What's with "where the river is the road"? In Bethel there are no highways in or out — the town sits off the road system, reached only by air and by the Kuskokwim River itself. For much of the year the river is the road: in summer, skiffs and barges carry people and freight up and down the water to some fifty villages; in deep winter the Kuskokwim freezes hard enough to drive on, and the state marks an official ice road across it. The seasons that matter most here are breakup, when the ice goes out in a roar each spring, and freeze-up, when travel pauses until the river sets. Watch the Kuskokwim and you are watching the calendar of the whole delta.

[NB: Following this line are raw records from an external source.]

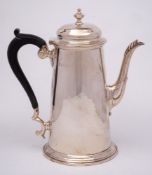 A silver coffee pot, all marks worn, Sheffield: of cylindrical tapering outline,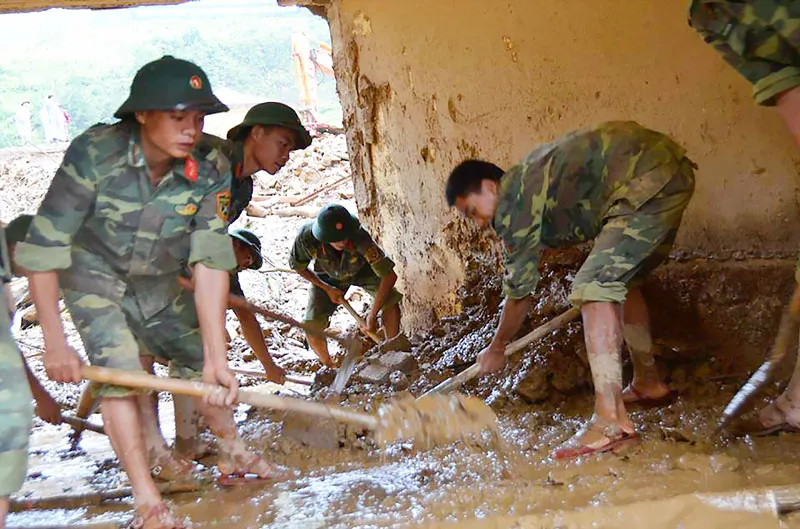 Bộ đội giúp người dân khắc phục mưa lũ Ảnh: VĂN CHƯƠNG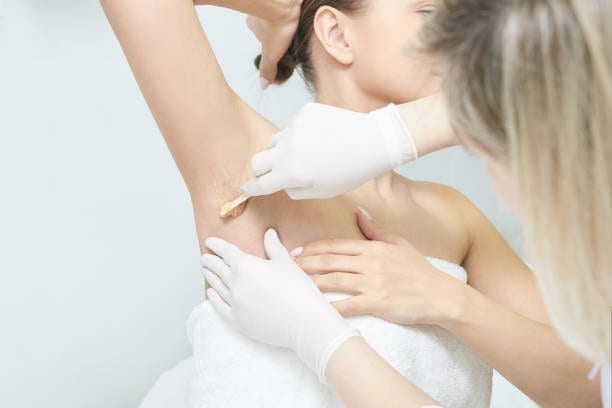 Client with raised arm receiving a waxing treatment at the salon Client with raised arm receiving a waxing treatment at the salon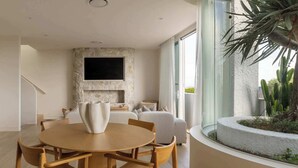 A modern interior with a dining area, a stone fireplace, and a large window with a view of a cactus garden. - Cala by Khove (Burleigh Heads)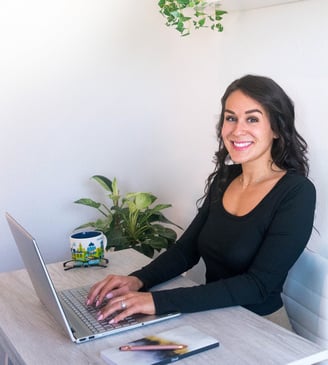 Woman typing on a laptop smiling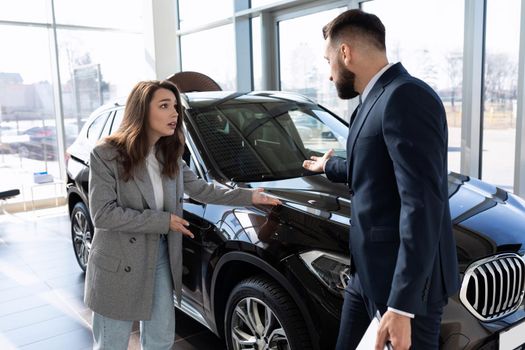 young woman buyer arguing in car dealership with consultant.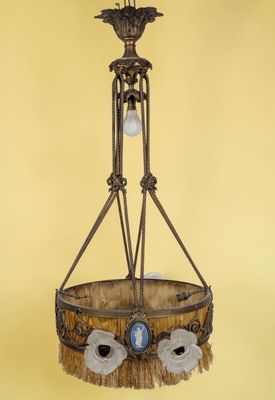 a close up of a chandelier hanging from a yellow wall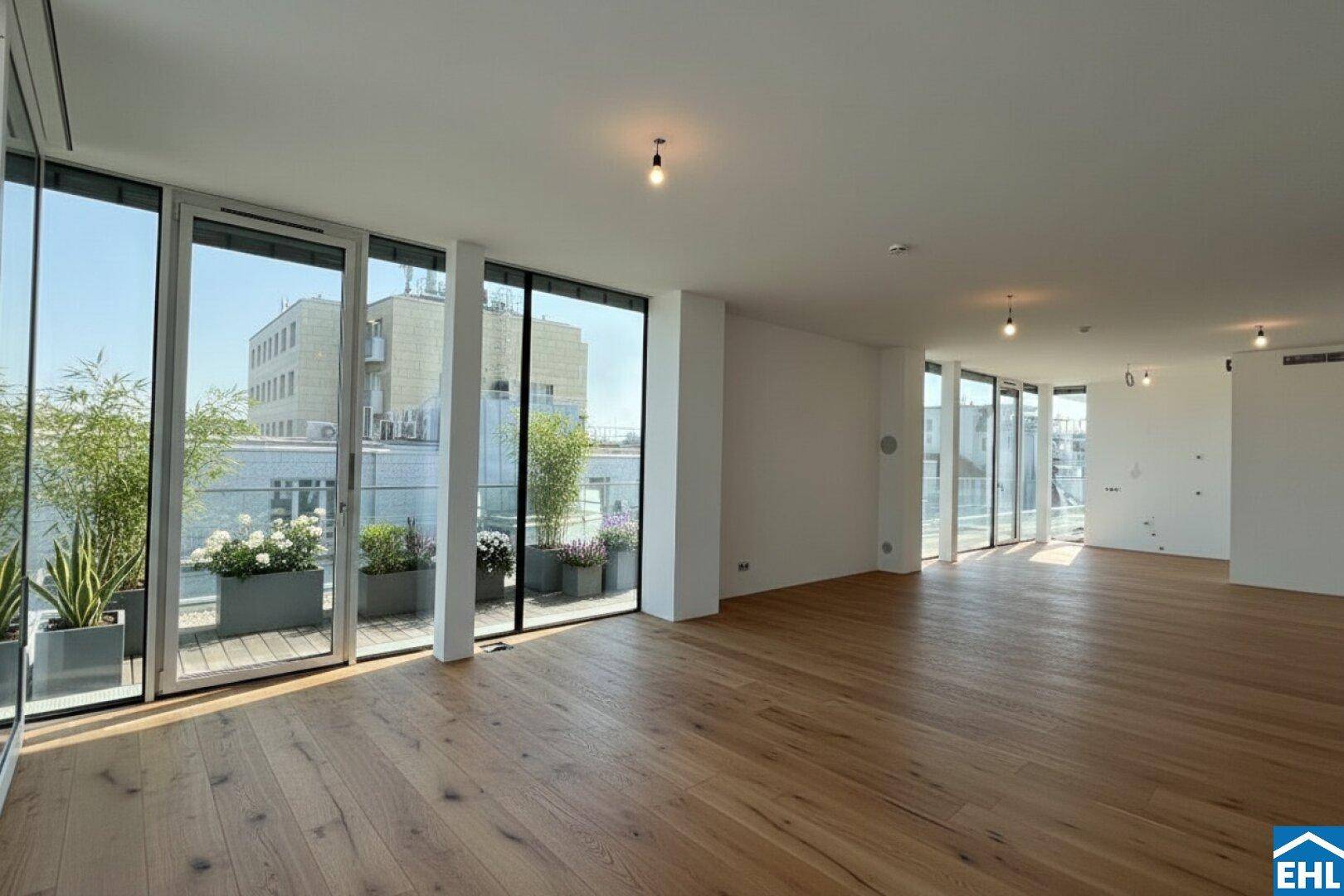 Geräumiger, leerer Wohnbereich mit Holzboden und großen Fenstern zur Terrasse.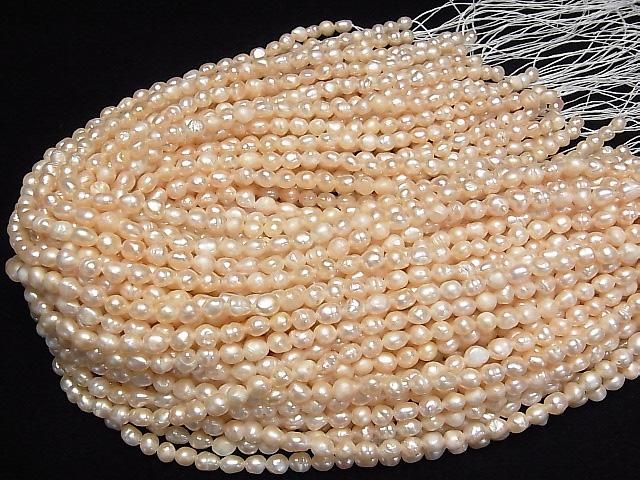 [Video] Fresh Water Pearl AA Rice-Baroque 6x4x4mm Natural Light Orange 1strand beads (approx. 13inch/32cm)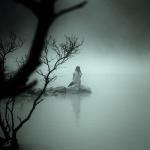 Sitting alone on a rock in a quiet foggy lake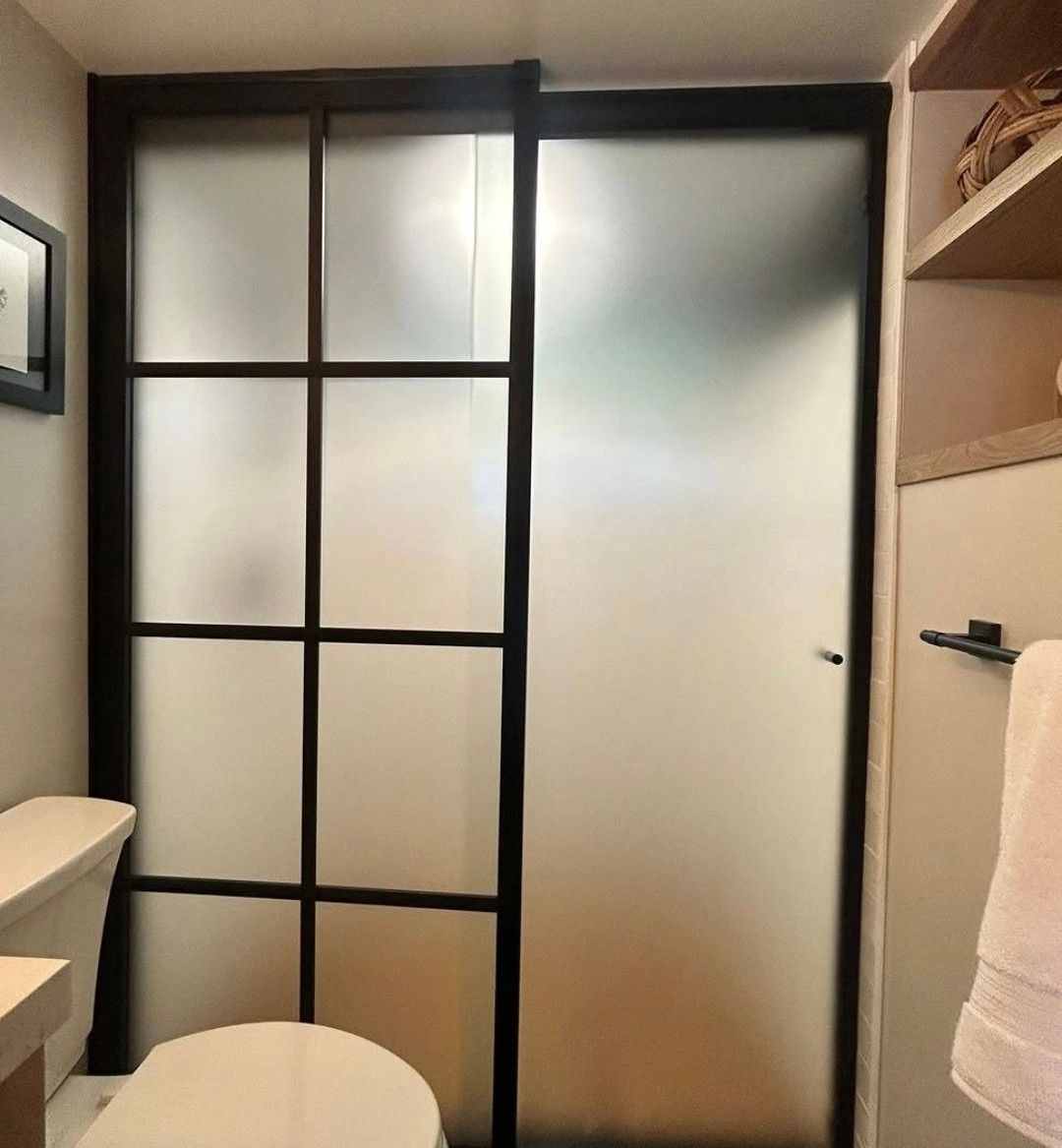 Small bathroom with frosted glass shower door, black-framed panel, and towel on a hook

Winter brings the other thing Bethel is known for. The Kuskokwim 300 — the "K300" — has run nearly every January since 1980: a roughly three-hundred-mile sled-dog race that loops up the frozen river from Bethel to Aniak and back, commemorating the old mail trail that once tied the river villages to the outside world. It was founded just as snowmachines were replacing the dog teams locals had long relied on, and it is now widely regarded as one of the toughest mid-distance races in the sport, drawing top mushers north into some of the hardest weather anywhere. Around it has grown a whole winter calendar of delta races — the Bogus Creek 150, the Akiak Dash, and more. In Yukon-Kuskokwim country, where dog teams once did the work the snowmachine does now, the K300 keeps the tradition running.
Why People Visit Bethel
People come to Bethel for the real thing: a remote, fly-in delta town that is the heart of Yup'ik western Alaska, where the Kuskokwim is the main road and the seasons set the pace. It rewards travelers who want the far north on its own terms — river, tundra, the long northern light, and a community that has lived well here for generations.